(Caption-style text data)
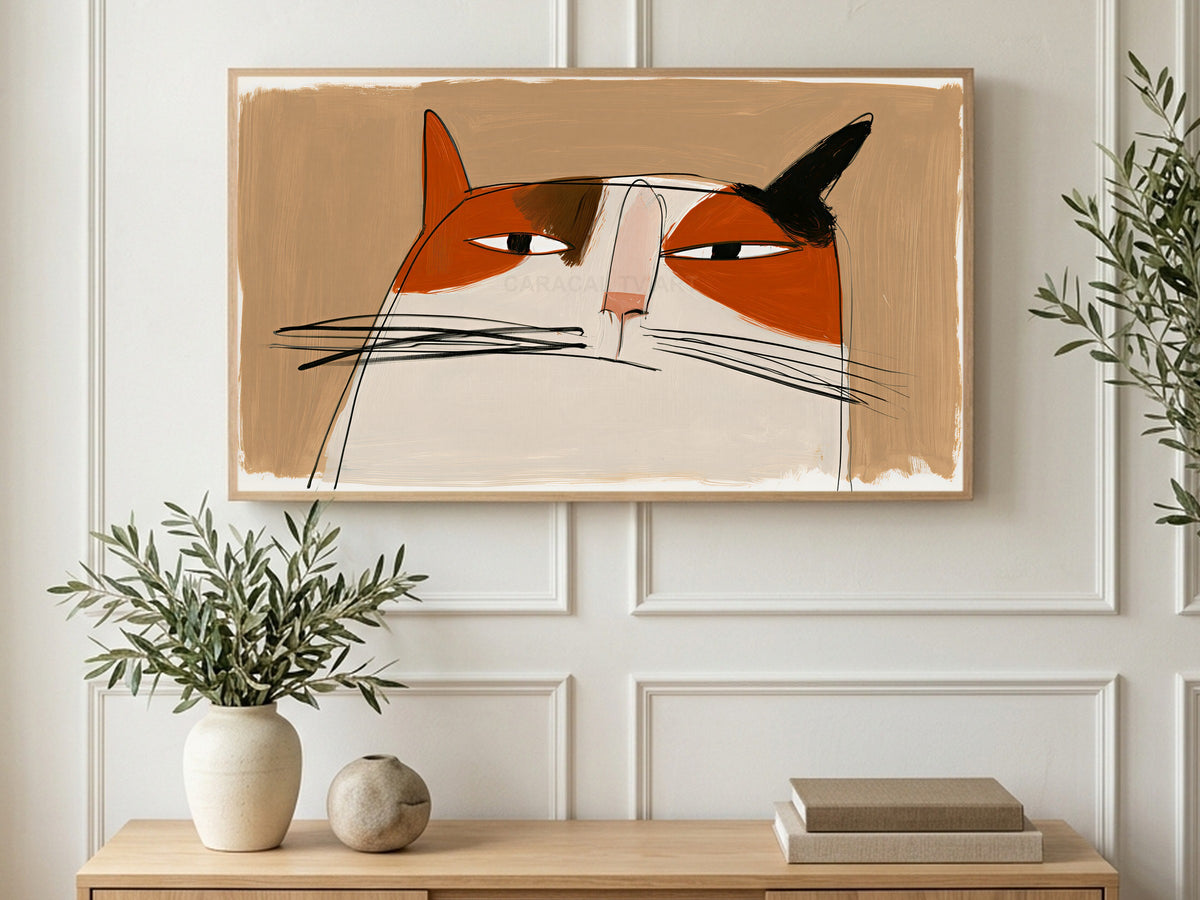 Side Eye Calico Cat art on a TV in a living room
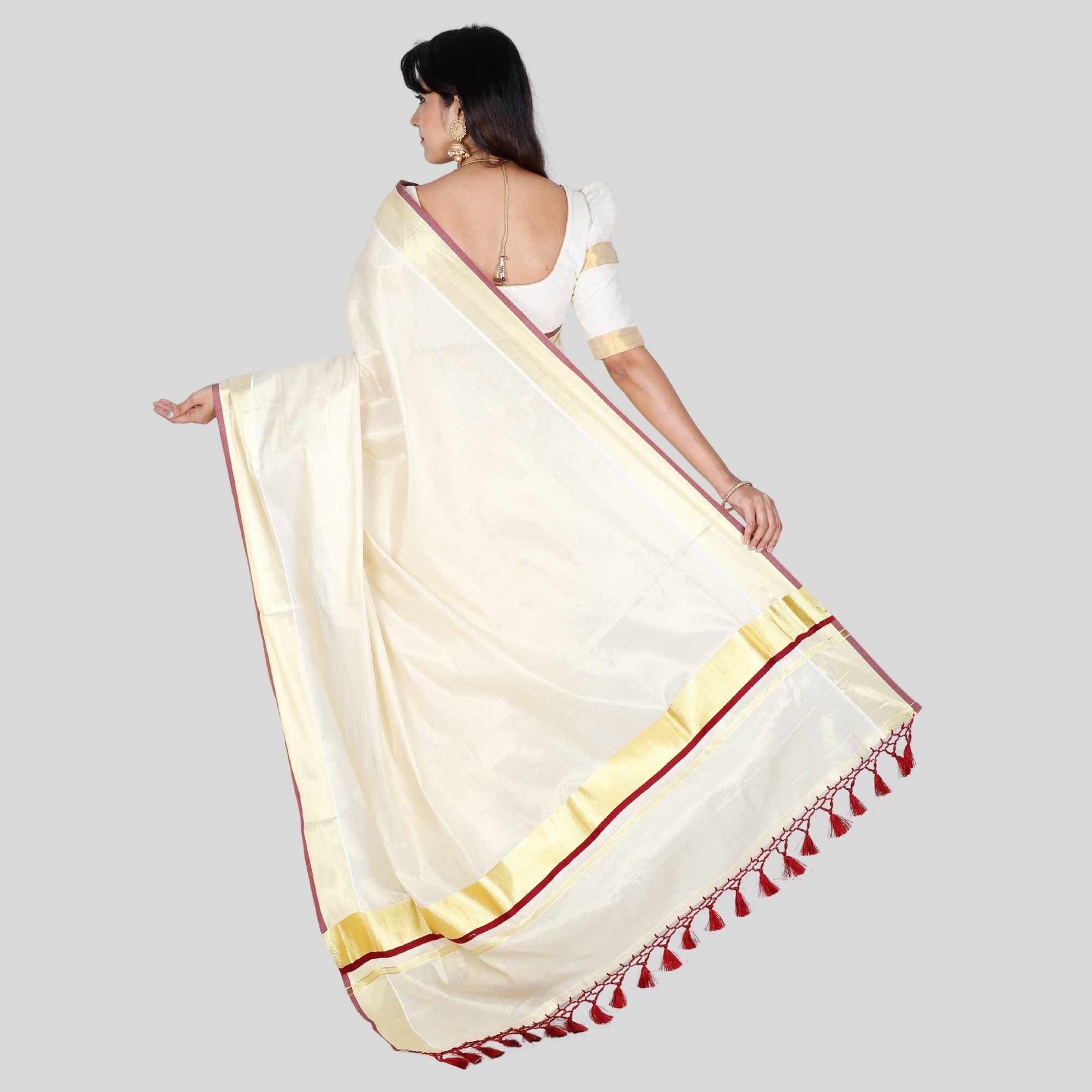 Tissue Kerala saree with fringes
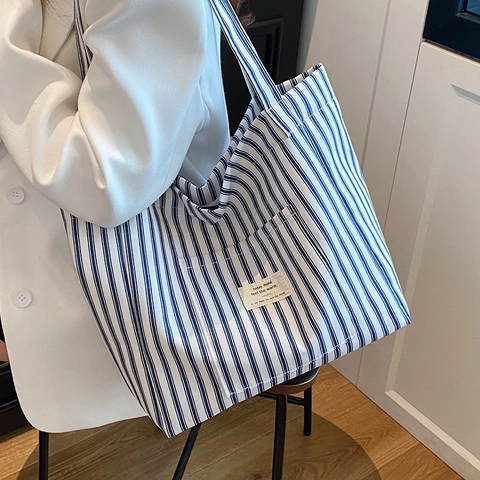 Dames Grote Capaciteit Canvas Streep Tote Tas Casual Dagelijks Woon-werkverkeer Schoudertas Veelzijdige Open Handtas Met Label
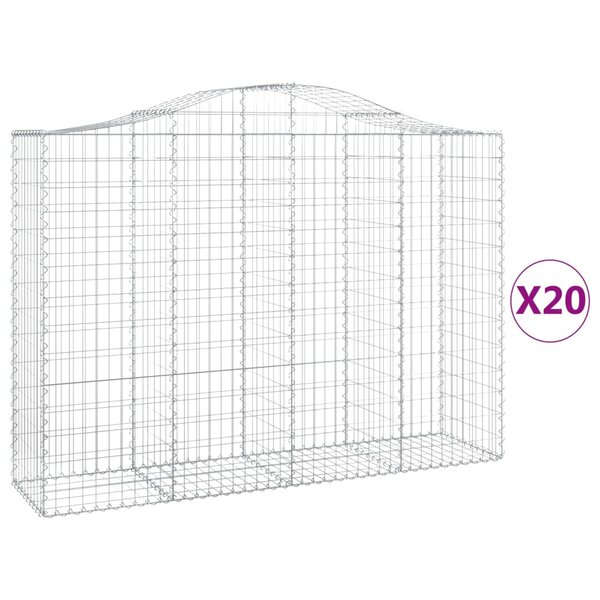 vidaXL Paniers à gabions arqués 20 Pièces 200x50x140/160 cm Fer galvanisé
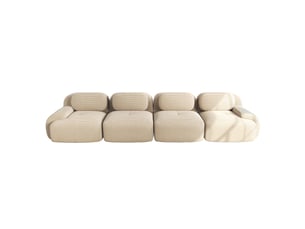 Canapé modulable 4 places en velours côtelé beige, 388 x 103 x 70 cm, sans armature, sans montage, livré compressé, base antidérapante, pour le salon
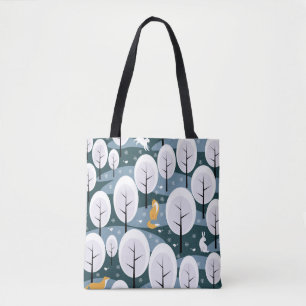Kerstmis Winterbos: Dieren Naadloos Patroon Tote Bag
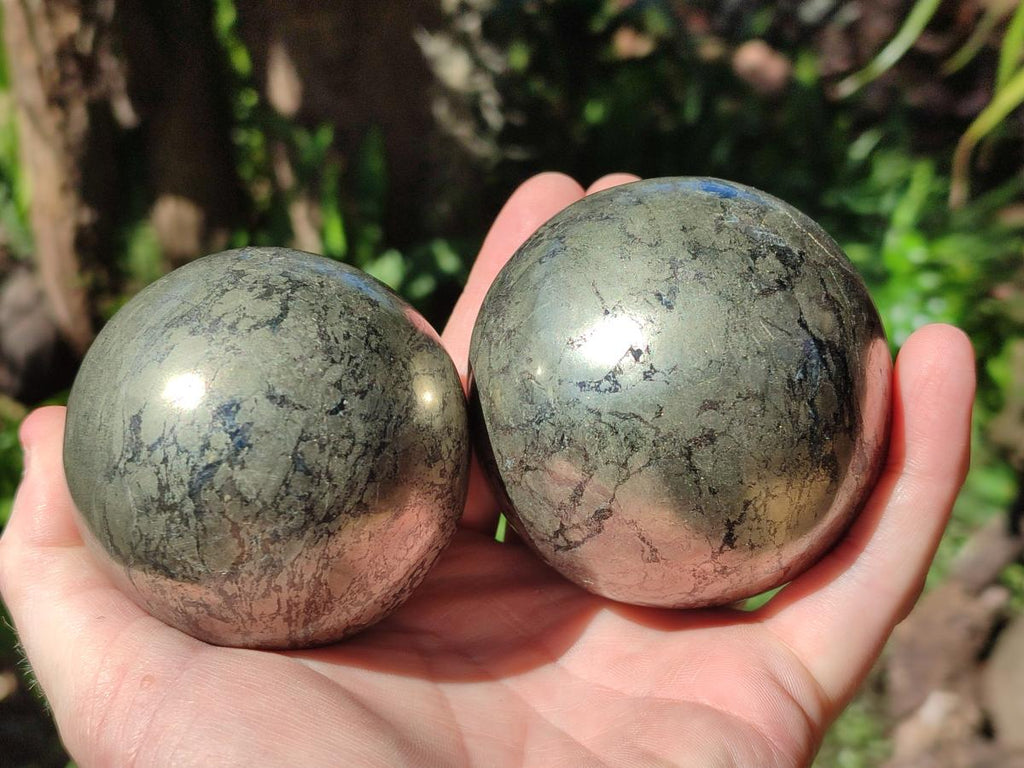 Polished Basalt Pharaoh Stone Spheres x 2 From Iron Duke Mine, Zimbabwe
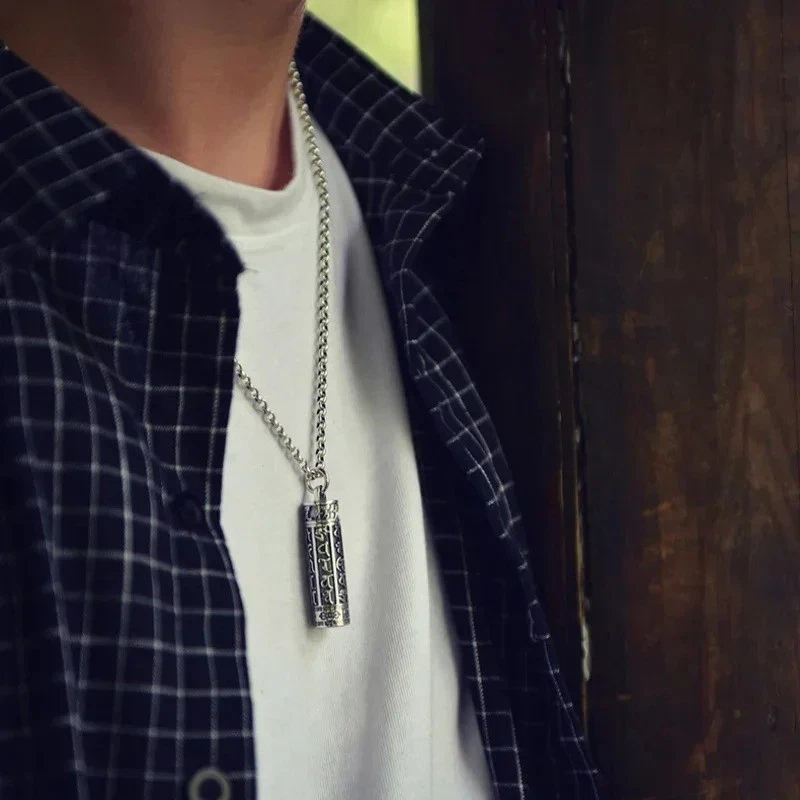 Six Syllable Mantra Cylinder Pendant Tibetan Locket Amulet Necklace for Men - Image 3 of 4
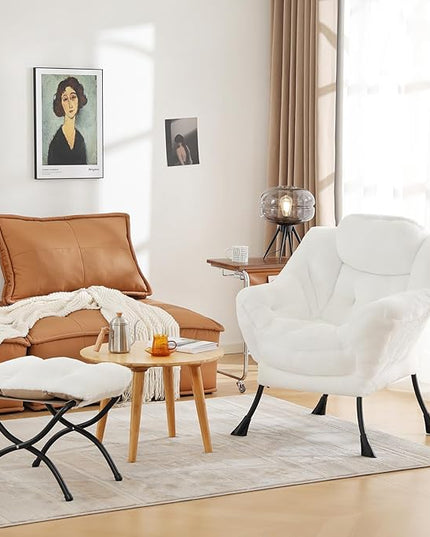 Cozy Lazy Chair and Ottoman, Large Contemporary Accent Lounge Chair Set, Leisure Upholstered Reading Armchair for Bedroom, Living Room, Dorm Rooms, Office - LeafyLoom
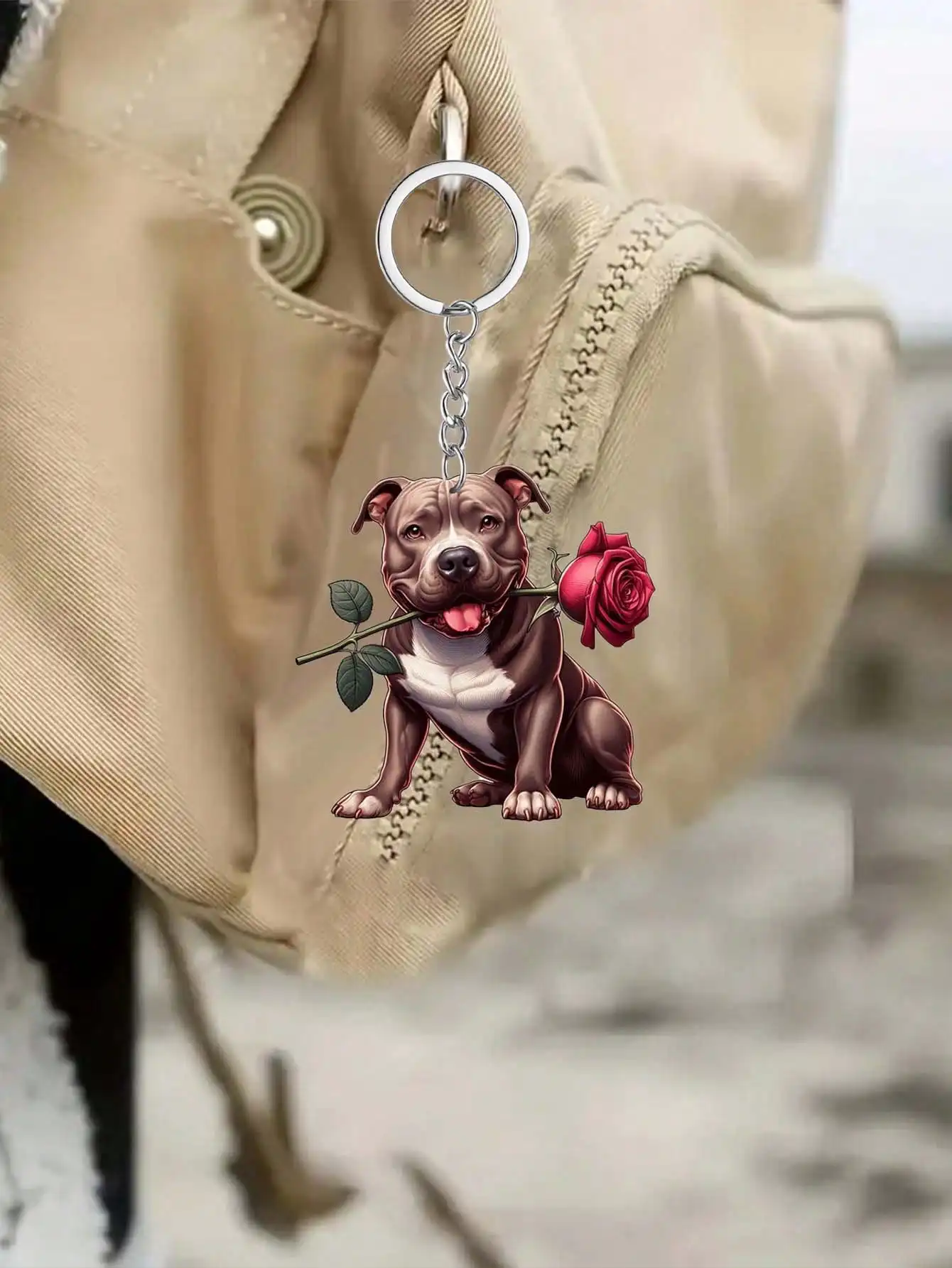 1-teiliger süßer kleiner Hund-Schlüsselanhänger mit Rose in ihrem Mund, innovatives Design, DIY-Rucksackdekoration, romantischer Acryl-Schlüsselanhänger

* REQUIREMENT *
All lines from the one containing "Six Syllable Mantra" through the end of the entries above must be given again exactly, with every picture omitted.

* RESULT BELOW *
 Six Syllable Mantra Cylinder Pendant Tibetan Locket Amulet Necklace for Men - Image 3 of 4
 Cozy Lazy Chair and Ottoman, Large Contemporary Accent Lounge Chair Set, Leisure Upholstered Reading Armchair for Bedroom, Living Room, Dorm Rooms, Office - LeafyLoom
 1-teiliger süßer kleiner Hund-Schlüsselanhänger mit Rose in ihrem Mund, innovatives Design, DIY-Rucksackdekoration, romantischer Acryl-Schlüsselanhänger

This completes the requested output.